24 October 2025

Military drones will upend the worldThe age of hyper-power is here

James Kingston

Political power arises from the barrel of a gun. Such, at any rate, is Mao Zedong’s most famous dictum. Accomplished poet, keen historian, and a master strategist, he was in this instance only half-right — for political power arises not only from the barrel of the gun, but from the capacity to make that gun, and to motivate those who would hold it. As a Marxist, he would have appreciated an additional observation: a gun is not only a gun. It is also a tool, a lens through which to observe the economy, society, and political implications of a moment in history. For those who care to look, today’s weapons are pointing to the future.

On the killing fields of Ukraine, an estimated 70% of casualties are now caused by drones. Tactics, techniques, and equipment are evolving at breakneck speed. At high and low altitude, cameras mounted on Unmanned Aerial Vehicles (UAVs) provide constant surveillance, channelling data to human operators and to other drones. In battle, and in the slow attritional grind of the stable front lines, UAVs are used to hunt and bomb the enemy — pursuing individual soldiers and recording footage of their final moments. Close-range combat is disappearing, and artillery is on the way out, too.

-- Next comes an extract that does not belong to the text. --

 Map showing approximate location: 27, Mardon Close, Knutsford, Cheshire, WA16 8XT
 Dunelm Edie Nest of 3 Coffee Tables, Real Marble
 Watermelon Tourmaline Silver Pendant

Laden with explosives, kamikaze drones are increasingly used in place of long-distance barrages. Drones, meanwhile, are begetting drones; “mothership” UAVs can now be used to launch drone “swarms”. Jet-powered drones have been developed to bomb cities and airbases at long range. Used at sea, drones have devastated the ships of the Russian Black Sea Fleet; used on land, fighting drones have attacked villages, and act in logistical complement to ground forces. In this highly digital war, the majority of combat is carried out neither through the lens of a gunsight, nor the point of a bayonet, but instead via the videogame-like visual streams of a drone operator’s first-person-view goggles

The greatest innovation of the Russo-Ukrainian war may yet be a battlefield devoid of warriors. Drone power has transformed army tactics, hampering troop concentrations and creating largely stable front lines. Yet drones and drone operators are also vulnerable. UAVs are susceptible to jamming and the vagaries of changing weather; close to the front, their pilots are open to attack. Faced with this reality, militaries are now investing in autonomous weapons — drones able to select, pursue, and attack targets independent of human control.